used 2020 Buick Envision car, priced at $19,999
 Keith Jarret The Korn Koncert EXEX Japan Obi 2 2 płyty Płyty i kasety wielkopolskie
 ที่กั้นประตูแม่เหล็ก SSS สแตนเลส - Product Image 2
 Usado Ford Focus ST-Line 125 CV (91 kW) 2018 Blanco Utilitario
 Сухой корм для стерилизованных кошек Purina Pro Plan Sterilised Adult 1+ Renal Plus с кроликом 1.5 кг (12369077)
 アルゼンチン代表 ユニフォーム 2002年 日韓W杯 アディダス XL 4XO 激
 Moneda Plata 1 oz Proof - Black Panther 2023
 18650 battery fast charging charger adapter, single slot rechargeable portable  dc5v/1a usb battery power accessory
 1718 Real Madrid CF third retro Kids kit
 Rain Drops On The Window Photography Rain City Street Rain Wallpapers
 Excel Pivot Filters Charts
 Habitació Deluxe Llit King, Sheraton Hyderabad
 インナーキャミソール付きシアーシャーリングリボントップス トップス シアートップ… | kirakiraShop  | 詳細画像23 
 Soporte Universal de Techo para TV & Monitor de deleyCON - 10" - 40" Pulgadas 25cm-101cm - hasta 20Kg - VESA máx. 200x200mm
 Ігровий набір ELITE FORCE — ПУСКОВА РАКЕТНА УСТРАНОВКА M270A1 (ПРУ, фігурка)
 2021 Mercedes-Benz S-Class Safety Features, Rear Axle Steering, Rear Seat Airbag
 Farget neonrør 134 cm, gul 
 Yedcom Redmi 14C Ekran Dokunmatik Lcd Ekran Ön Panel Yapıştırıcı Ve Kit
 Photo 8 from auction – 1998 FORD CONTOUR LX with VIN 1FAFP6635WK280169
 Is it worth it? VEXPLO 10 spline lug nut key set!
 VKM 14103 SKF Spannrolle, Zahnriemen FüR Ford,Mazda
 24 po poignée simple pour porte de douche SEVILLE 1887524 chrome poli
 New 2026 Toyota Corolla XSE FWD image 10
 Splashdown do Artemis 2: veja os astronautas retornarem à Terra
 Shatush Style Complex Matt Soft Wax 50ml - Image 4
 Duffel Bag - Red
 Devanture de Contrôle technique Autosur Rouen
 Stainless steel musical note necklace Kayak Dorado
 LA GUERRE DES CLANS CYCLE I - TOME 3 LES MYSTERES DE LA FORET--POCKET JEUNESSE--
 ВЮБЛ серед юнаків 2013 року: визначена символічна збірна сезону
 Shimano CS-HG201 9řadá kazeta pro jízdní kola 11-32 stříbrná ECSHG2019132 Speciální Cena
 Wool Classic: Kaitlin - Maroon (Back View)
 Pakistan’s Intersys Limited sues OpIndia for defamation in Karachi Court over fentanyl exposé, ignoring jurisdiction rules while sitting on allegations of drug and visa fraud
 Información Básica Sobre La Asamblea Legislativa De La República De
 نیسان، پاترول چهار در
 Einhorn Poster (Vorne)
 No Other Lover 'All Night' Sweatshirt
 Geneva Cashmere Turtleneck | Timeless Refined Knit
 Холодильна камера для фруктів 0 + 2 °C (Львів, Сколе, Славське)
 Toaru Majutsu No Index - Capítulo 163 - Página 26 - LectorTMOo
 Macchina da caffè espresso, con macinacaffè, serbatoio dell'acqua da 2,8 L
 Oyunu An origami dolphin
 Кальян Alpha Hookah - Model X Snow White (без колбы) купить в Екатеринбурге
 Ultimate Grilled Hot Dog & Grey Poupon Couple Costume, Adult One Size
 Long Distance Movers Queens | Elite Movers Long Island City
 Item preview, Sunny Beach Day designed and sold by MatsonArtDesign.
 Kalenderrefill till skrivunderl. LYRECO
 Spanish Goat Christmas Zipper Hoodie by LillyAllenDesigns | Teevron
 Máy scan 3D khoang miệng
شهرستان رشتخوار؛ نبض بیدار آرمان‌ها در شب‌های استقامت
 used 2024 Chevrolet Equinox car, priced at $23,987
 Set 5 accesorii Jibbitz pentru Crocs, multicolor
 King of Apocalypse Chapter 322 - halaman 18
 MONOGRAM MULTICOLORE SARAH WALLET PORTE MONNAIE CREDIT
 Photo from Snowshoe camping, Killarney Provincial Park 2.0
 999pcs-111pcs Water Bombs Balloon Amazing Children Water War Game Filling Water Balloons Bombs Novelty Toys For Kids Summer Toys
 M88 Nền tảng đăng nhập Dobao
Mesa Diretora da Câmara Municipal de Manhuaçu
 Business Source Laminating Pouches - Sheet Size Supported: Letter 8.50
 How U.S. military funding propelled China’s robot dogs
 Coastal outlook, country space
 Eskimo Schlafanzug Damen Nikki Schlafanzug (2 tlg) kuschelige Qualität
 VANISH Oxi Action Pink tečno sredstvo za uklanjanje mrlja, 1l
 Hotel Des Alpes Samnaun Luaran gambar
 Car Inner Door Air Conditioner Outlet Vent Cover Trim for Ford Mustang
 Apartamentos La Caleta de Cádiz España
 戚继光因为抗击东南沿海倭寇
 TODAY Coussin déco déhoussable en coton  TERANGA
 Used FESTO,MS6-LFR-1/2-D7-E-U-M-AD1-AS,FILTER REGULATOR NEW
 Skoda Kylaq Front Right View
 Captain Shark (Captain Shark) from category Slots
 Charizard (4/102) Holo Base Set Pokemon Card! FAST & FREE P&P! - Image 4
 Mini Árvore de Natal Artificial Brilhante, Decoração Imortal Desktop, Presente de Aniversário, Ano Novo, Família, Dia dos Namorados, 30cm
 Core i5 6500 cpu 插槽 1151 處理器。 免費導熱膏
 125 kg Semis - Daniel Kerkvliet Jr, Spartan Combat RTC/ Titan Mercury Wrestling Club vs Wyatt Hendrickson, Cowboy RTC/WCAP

(Problem details) Could you filter the material above and copy each line that holds the word "City"?

(Finished exercise)
 Rain Drops On The Window Photography Rain City Street Rain Wallpapers
 Long Distance Movers Queens | Elite Movers Long Island City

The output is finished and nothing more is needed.